# Collective2 - Rate a Trading System



## TraderPro (8 July 2006)

Here's a website where trader's actually sell their "hot tips"... using their "systems"



> We track over 1,200 trading systems for stocks, options, futures, and forex.




It's interesting to see how some systems are highly speculative, having massive drawdowns and profits while others are more consistent.
http://www.collective2.com/

It's also interesting to note the price at which some of there traders are selling their system subscriptions...


----------



## blbarclay (12 December 2008)

Does anyone have any experience with the abovementioned website?

At the risk of sounding cynical, if it sounds too good to be true, it usually is. Returns of 300% +?


----------



## Temjin (12 December 2008)

blbarclay said:


> Does anyone have any experience with the abovementioned website?
> 
> At the risk of sounding cynical, if it sounds too good to be true, it usually is. Returns of 300% +?




It's probably one of the few, or the ONLY website out there that has a "business model" like that. Allowing traders to advertise and sell their trading systems and even allow automated trading on the signals generated by those systems.

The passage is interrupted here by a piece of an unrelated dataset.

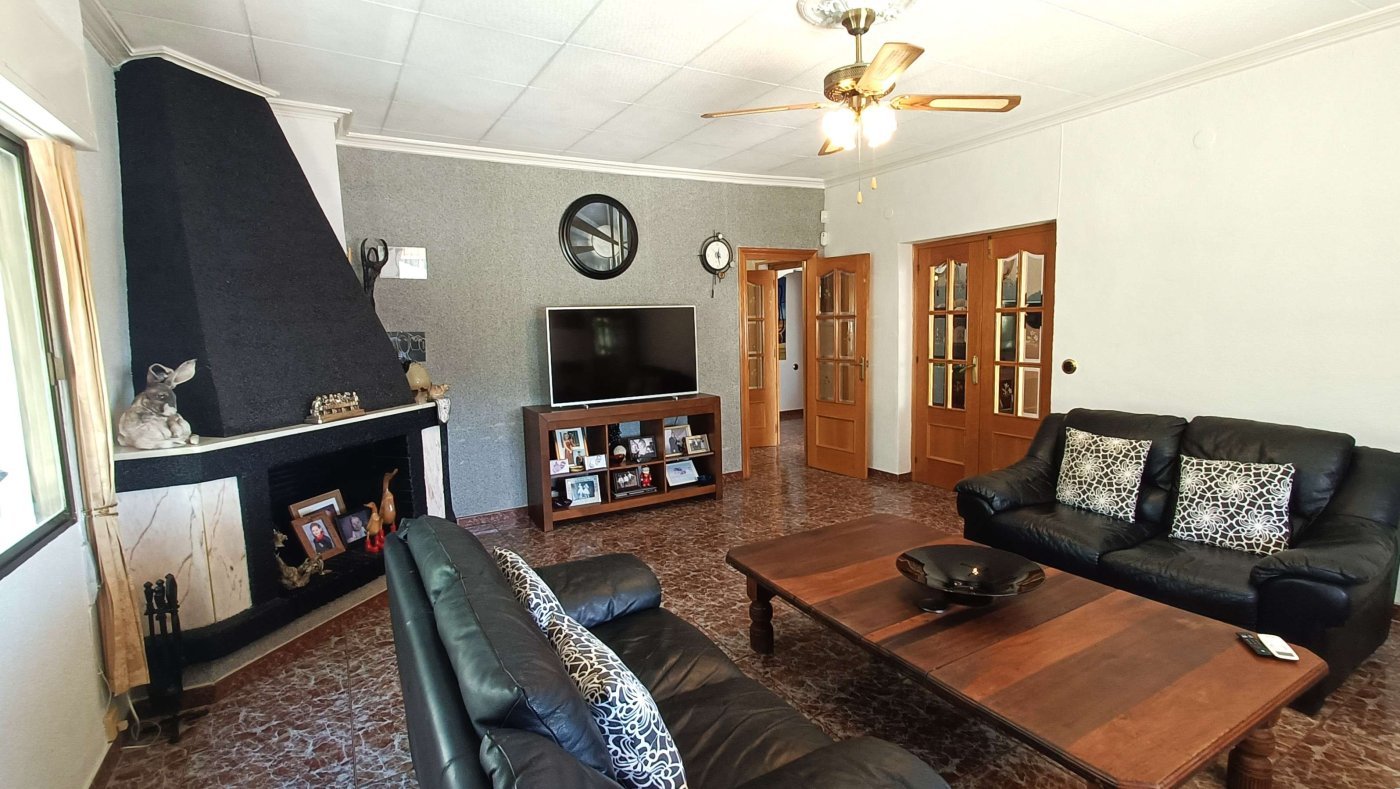 Atemberaubende freistehende Villa mit privatem Pool, separatem Gästeappartement, Garage und Kellerräumen am Stadtrand von Crevillent - 7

In theory, why would anyone sell you a positive expectancy trading system anyway if he/she could trade it for even more profit through compounding? 

In practice though, some people may have developed several systems but only keep the "good" ones themselves and sell the less performing one for a no-risk profit. I know someone who really knows the stuff and has published books on trading system and fully understand the concept of position sizing and also has a system posted on collective2. 

Look at it this way, the trading systems on Collective2 can be compared to managed futures / hedge funds but instead of being managed by professionals who have attained their CFP/CFA or CTA, they are mostly managed by private traders / amateurs who aren't really committed in the business.

The real "professional" trading programs are found among various managed futures out there through registered CTA brokers. Most of them would have very high minimum opening balance for individual accounts and may be in business for several years with hundred of million of dollars under management. 

Of course, one still need to learn how to evaluate these trading systems properly in order to "invest" in them.


----------



## RazzaDazzla (31 August 2015)

So Collective2 is still around. I know of another what I believe similar service - FundSeeder.com

HAs anyone taken the plunge with Collective2 and given it a go? The practicalities seem pretty good. subscribe to a portfolio, connect it to your IB account, and enjoy (mourn) the results.

As someone said, you need to be educated when picking your portfolio's to subscribe too. I would imagine a lot of strategies are highly optimised and would perform very well for a limited period of time.


----------



## lftrader (7 September 2015)

Does anyone know for how long on the average the sharpe ratio of the best systems stays positive?


----------